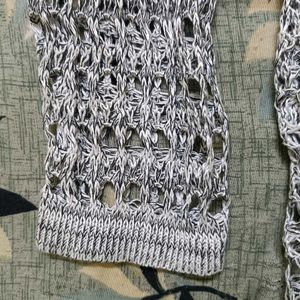 Silver Knit Open Weave Top Combo 2 Piece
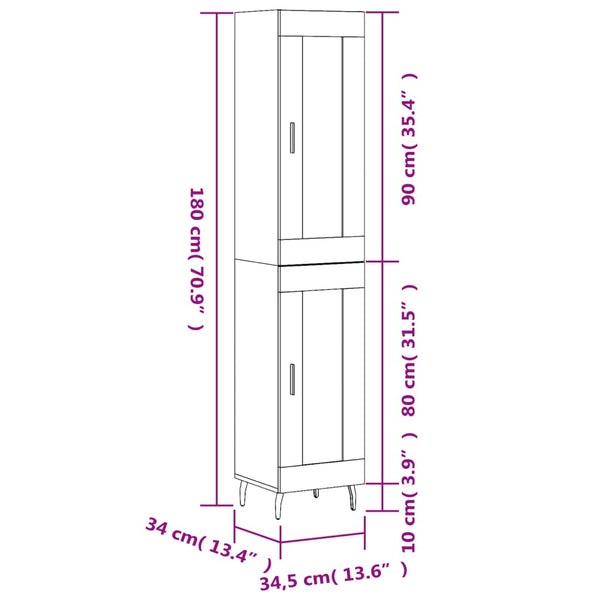 vidaXL Highboard gris Sonoma 34,5x34x180 cm Aggloméré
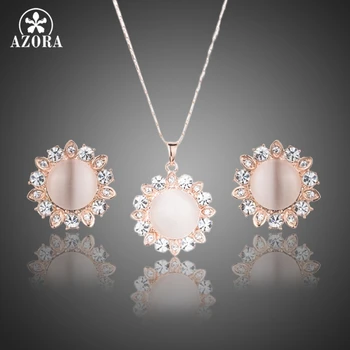 

AZORA Sun Design Rose Gold Color Micro CZ Paved With Round Opal Stud Earrings and Pendant Necklace Jewelry Sets TG0211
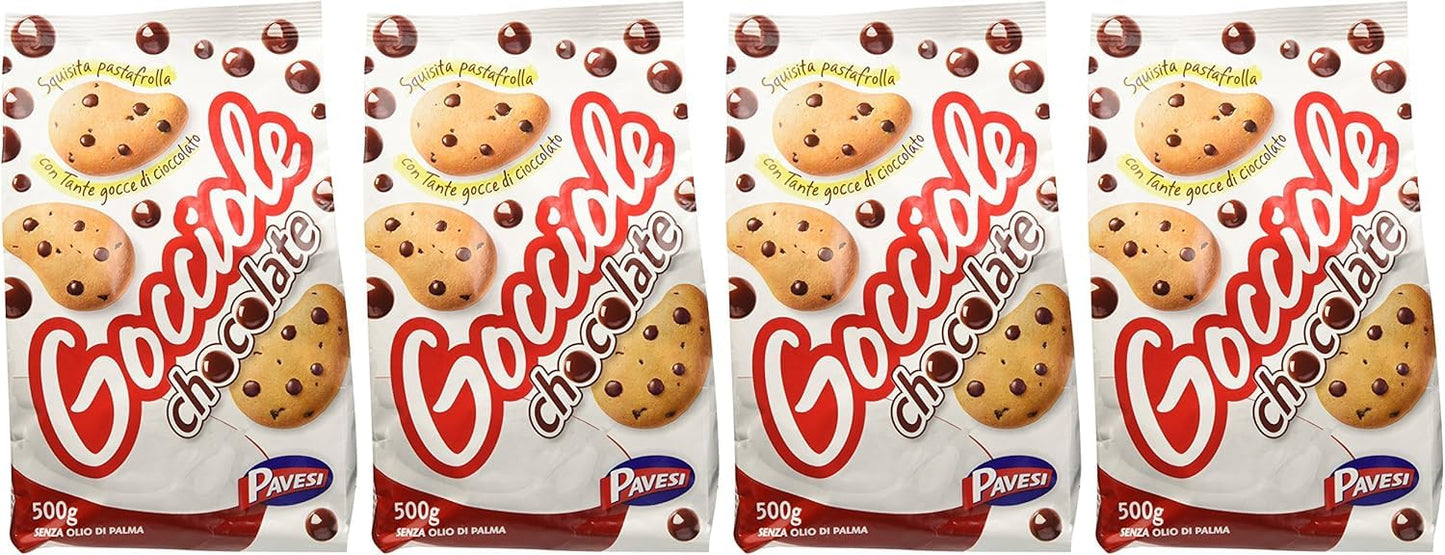 Pavesi Biscotti Frollini Gocciole Cioccolato, 12 Pack da 500 g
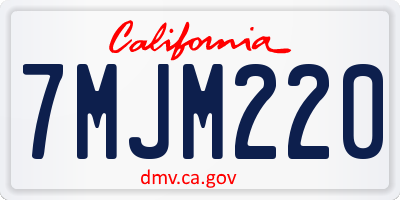 CA license plate 7MJM220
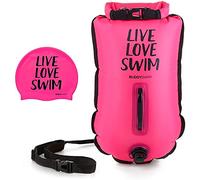 Buddyswim Bouée Drybag LLS 20 L + bonnet de natation rose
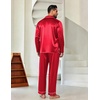 Ekouaer Mens Pajamas Set Silk Satin Sleepwear Long Sleeve Button Down Pjs | Comfy Long Pants Lounge Set with Pockets,Classic Notch Collar,Cozy 2 Piece Sleep Set,Daily,Gift(Red)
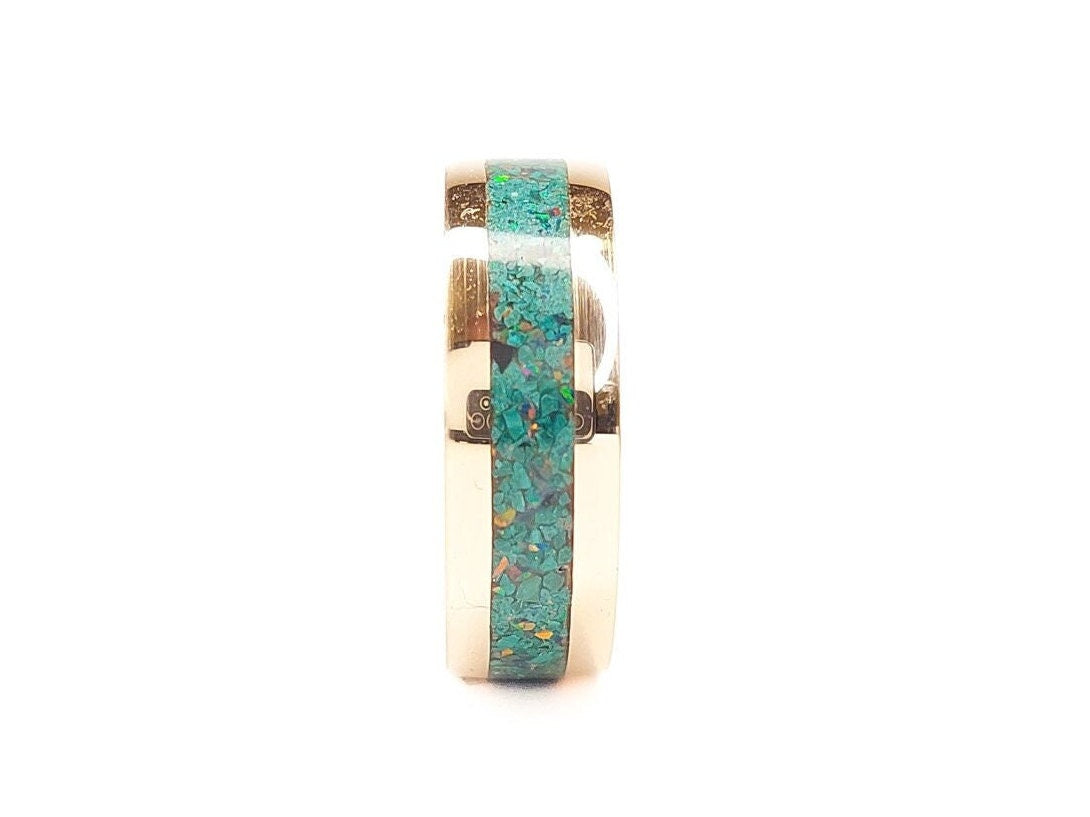 Gold Malachite and Opal Ring - Centered Inlay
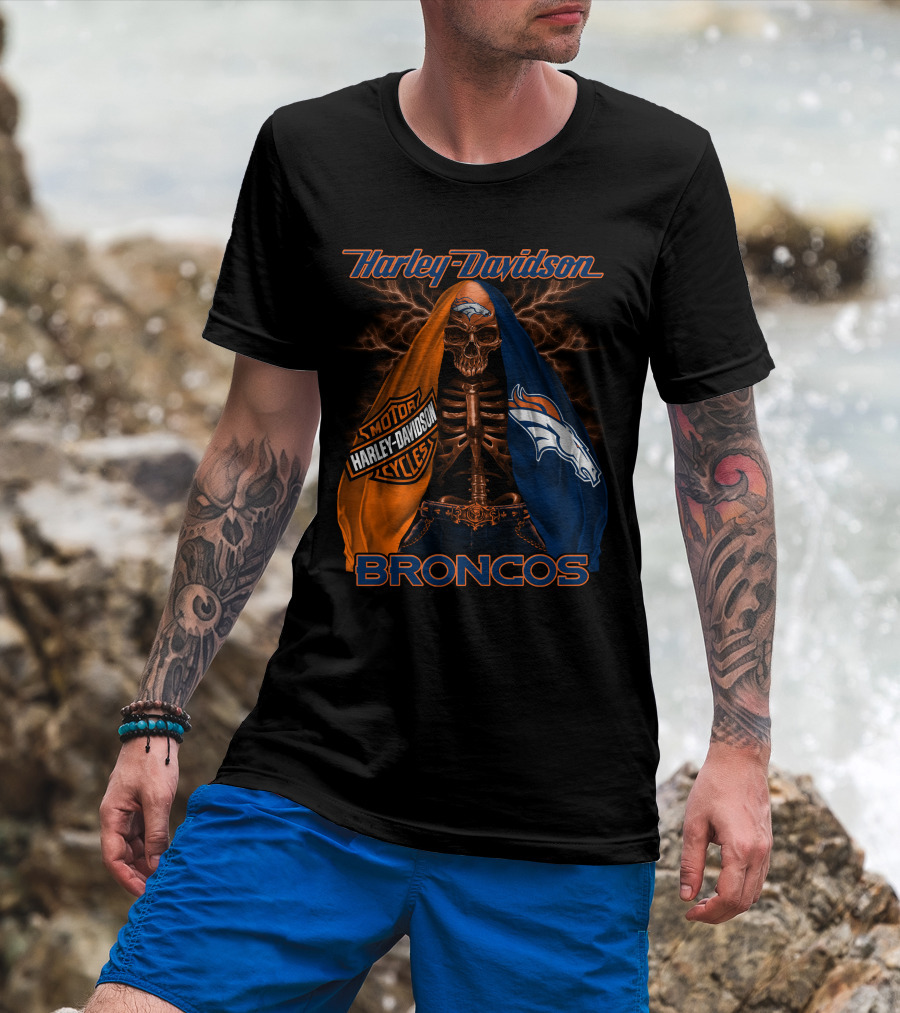 Harley Davidson Denver Broncos Skeleton Motorcycles T-Shirt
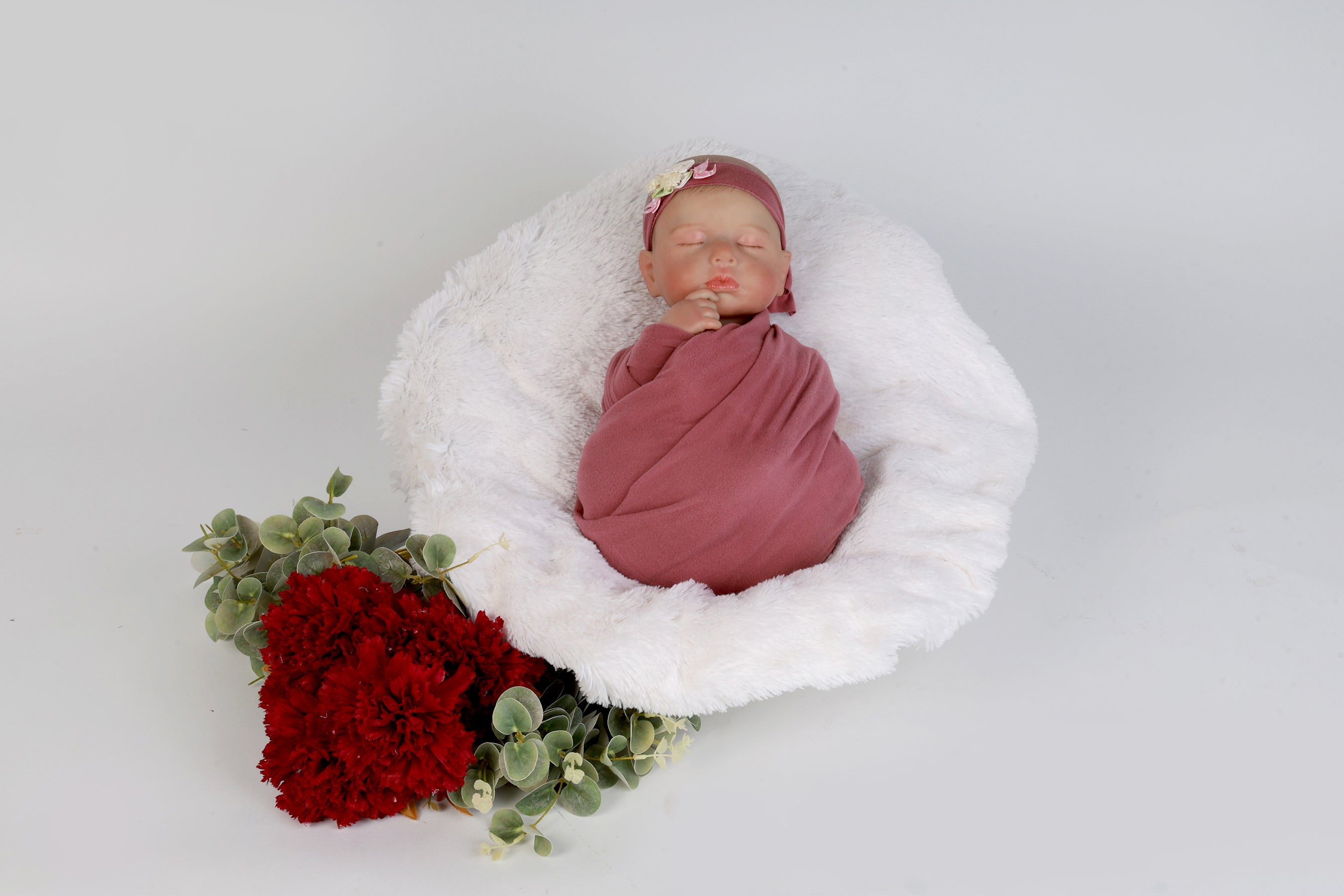 Mauve Baby Wrap for Newborn Photography – Soft, Stretchy, Lightweight & Comfortable for Timeless Baby Portraits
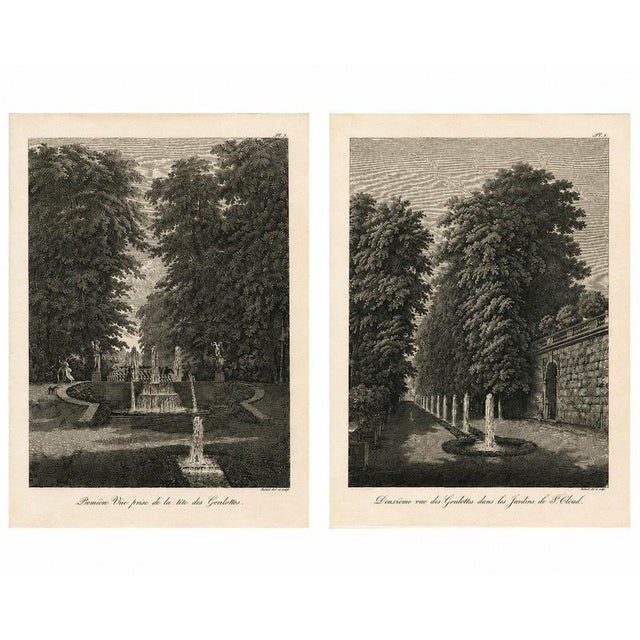 Louis-Pierre Baltard, Saint-Cloud Garden Fountain, 1803, Engravings, Set of 2 For Sale - Image 10 of 11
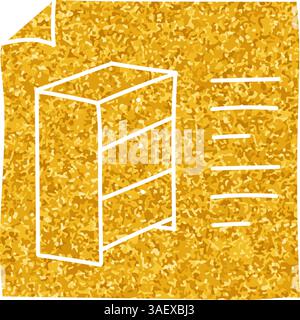 Holzbearbeitung auf Papierzeichnung in Goldfarbe Stock Vektor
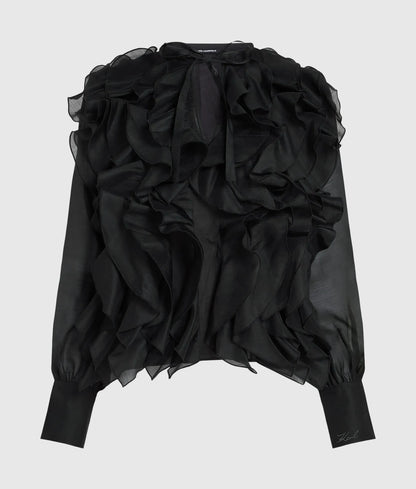 Organza ruffle blouse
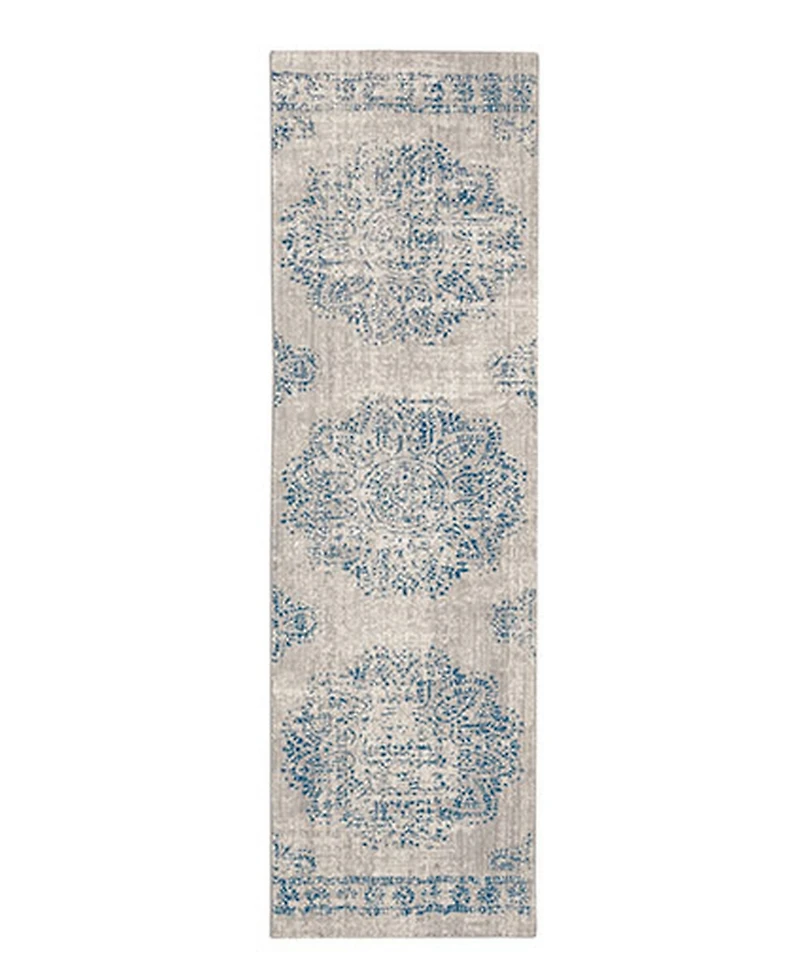 Closeout! Scott Living Expressions Dharma Medallion Indigo 2'4" x 7'10" Runner Rug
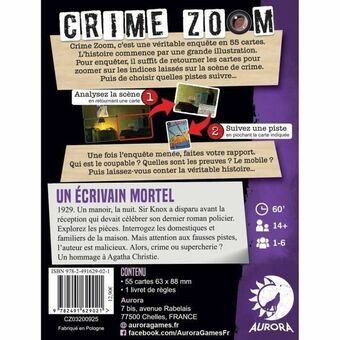 Lautapeli Asmodee Crime Zoom Un Écrivain Mortel (FR)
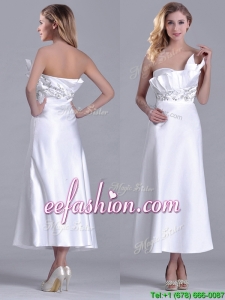 Latest Asymmetrical Side Zipper White Best Mother Of The Bride Dress in Tea Length
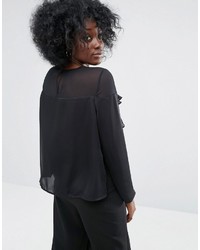 Chemisier en satin à volants noir Asos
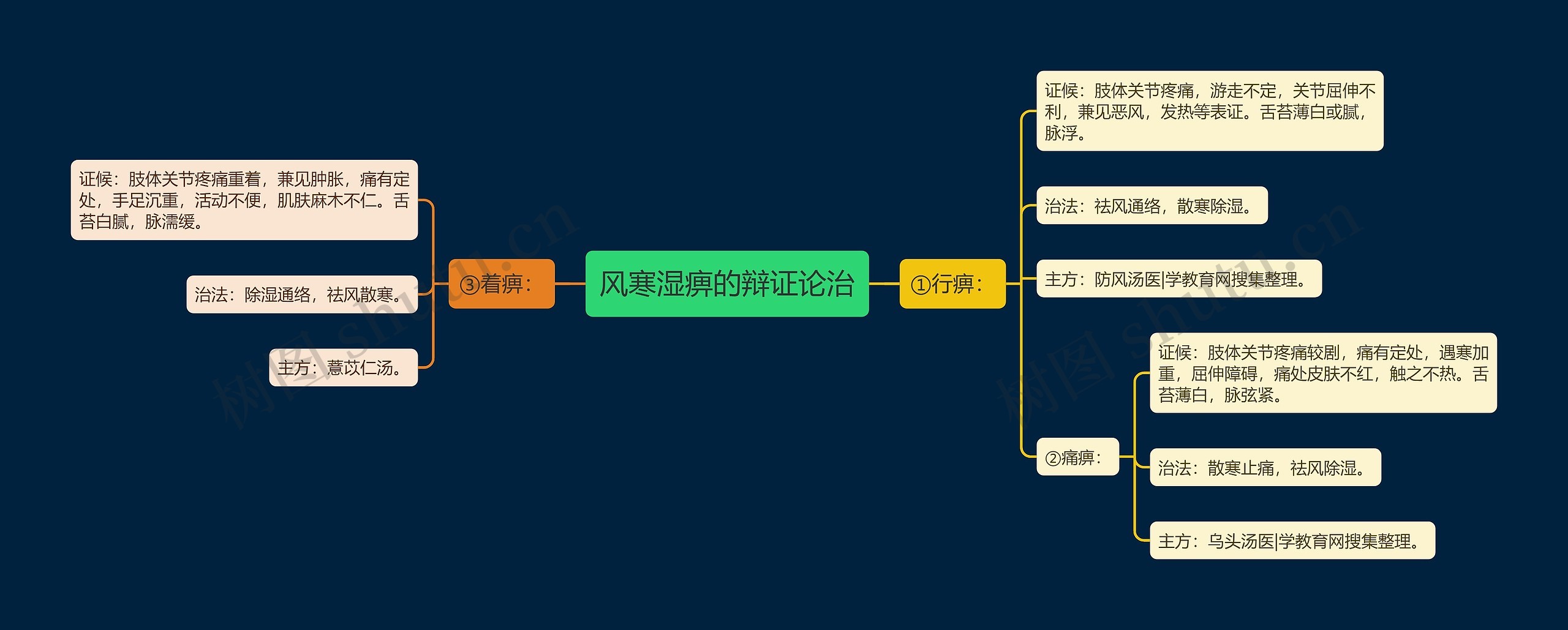 风寒湿痹的辩证论治思维导图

******************************

"Ekouaer Mens Pajamas" marks the first line to be returned; return exactly that line and every line after it through the last line of the listing, omitting pictures.

> **Result below**:
 Ekouaer Mens Pajamas Set Silk Satin Sleepwear Long Sleeve Button Down Pjs | Comfy Long Pants Lounge Set with Pockets,Classic Notch Collar,Cozy 2 Piece Sleep Set,Daily,Gift(Red)
 Gold Malachite and Opal Ring - Centered Inlay
 Harley Davidson Denver Broncos Skeleton Motorcycles T-Shirt
 Mauve Baby Wrap for Newborn Photography – Soft, Stretchy, Lightweight & Comfortable for Timeless Baby Portraits
 Louis-Pierre Baltard, Saint-Cloud Garden Fountain, 1803, Engravings, Set of 2 For Sale - Image 10 of 11
 Holzbearbeitung auf Papierzeichnung in Goldfarbe Stock Vektor
 Organza ruffle blouse
 Closeout! Scott Living Expressions Dharma Medallion Indigo 2'4" x 7'10" Runner Rug
 Lautapeli Asmodee Crime Zoom Un Écrivain Mortel (FR)
 Latest Asymmetrical Side Zipper White Best Mother Of The Bride Dress in Tea Length
 Chemisier en satin à volants noir Asos
 风寒湿痹的辩证论治思维导图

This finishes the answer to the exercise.